JEROME TOUCHAEBOEUF / AACC
Broadcast yourself?
Pierre Magique Tchernia est toujours vivant, mais le type de télévision qu'il a créé est déjà en train de disparaître. La télévision moderne n'aura vécu qu'une quarantaine d'années. Même si l'actualité exceptionnelle et les dérives sensationnelles maintiennent encore le système. Entendons-nous, c'est bien le mode de diffusion passif qui perd de son attrait et non les contenus en tant que tels. Ils n'ont jamais remporté autant de succès. L'internet et le haut débit ont totalement fait exploser la consommation et la création de contenus vidéo.
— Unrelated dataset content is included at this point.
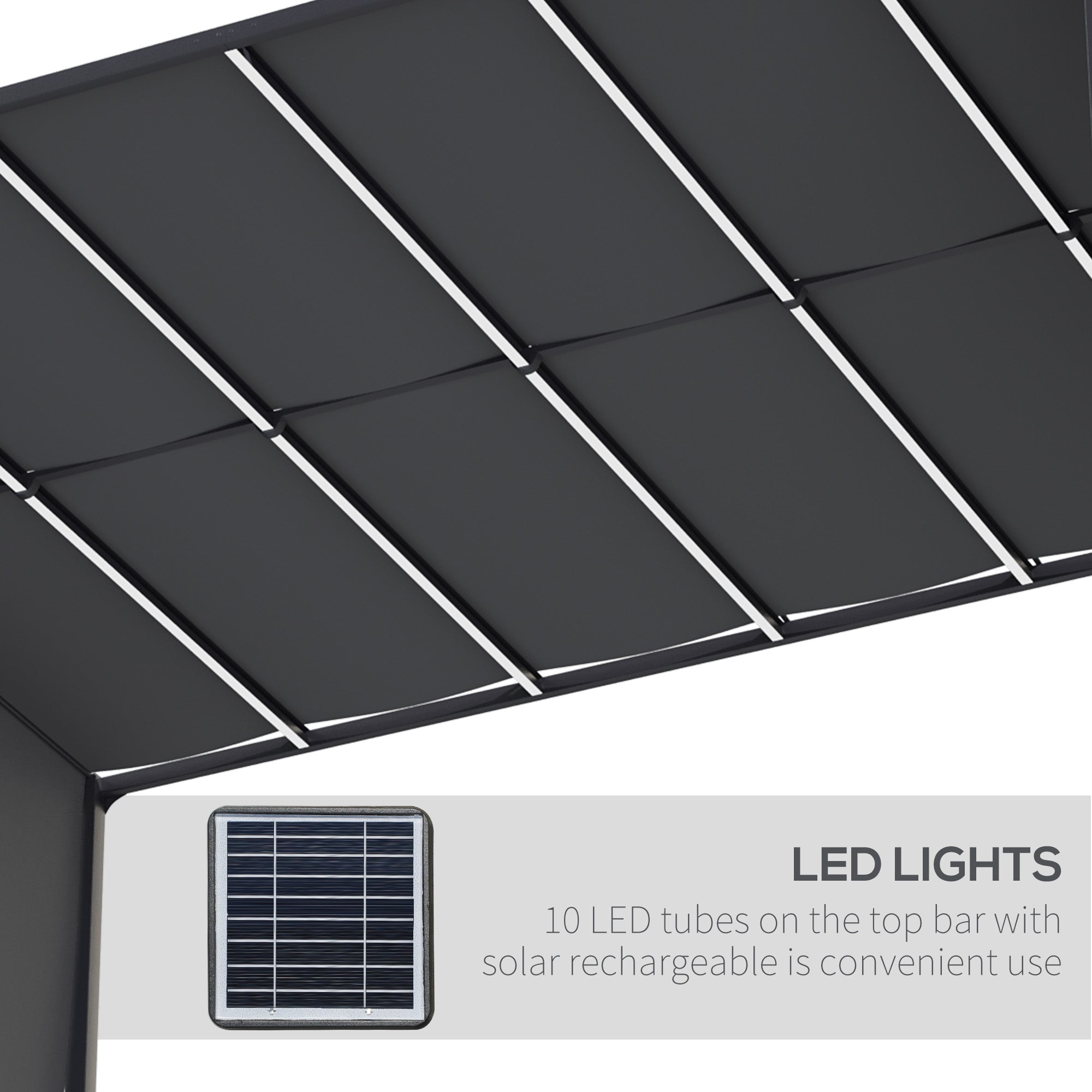 Outsunny 3(m) x 4m Metal Pergola with LED Lights, Outdoor Garden Pergola with Sliding Roof, Solar Powered, for BBQ,\'c2\'a0Lawn, Dark Grey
C'est aujourd'hui 57 % de la population française qui consomme de la vidéo en ligne!
Au-delà des volumes, c'est la façon dont nous consommons ces contenus vidéo qui a irrémédiablement changé. Trois phénomènes majeurs ont généré l'évolution du comportement des «vidéonautes»:
Les attentes du consommateur ont changé. Il souhaite consommer les contenus vidéo à la demande. Comme pour l'ensemble de ses achats, il veut être l'acteur de sa consommation et la personnaliser.
Les box d'accès à Internet mettent au même niveau de choix le contenu passif de la télévision et les autres contenus interactifs du Web, les jeux vidéo, la vidéo à la demande, voire nos propres productions vidéo.
Les outils de production vidéo sont devenus simples, accessibles et bon marché. Ainsi, tout le monde peut aujourd'hui produire des contenus. Certes, la qualité n'est pas forcement au rendez-vous, mais seule la quantité compte car il faut alimenter la demande.
En 1987, TF1 nous disait «Pour mieux vous informer et vous distraire, il n'y en a qu'une, c'est la Une!», puis, en 2009, «On se retrouve sur TF1». On est passé de l'unicité de distraction à «N'oubliez pas notre rendez-vous». Pendant ce temps-là, You Tube nous propose «Broadcast yourself. A tout moment, le consommateur est l'acteur principal de la production et de la diffusion. On est loin d'Andy Warhol et de ses prédictions quant au quart d'heure de célébrité mondiale offert à chacun par la télévision.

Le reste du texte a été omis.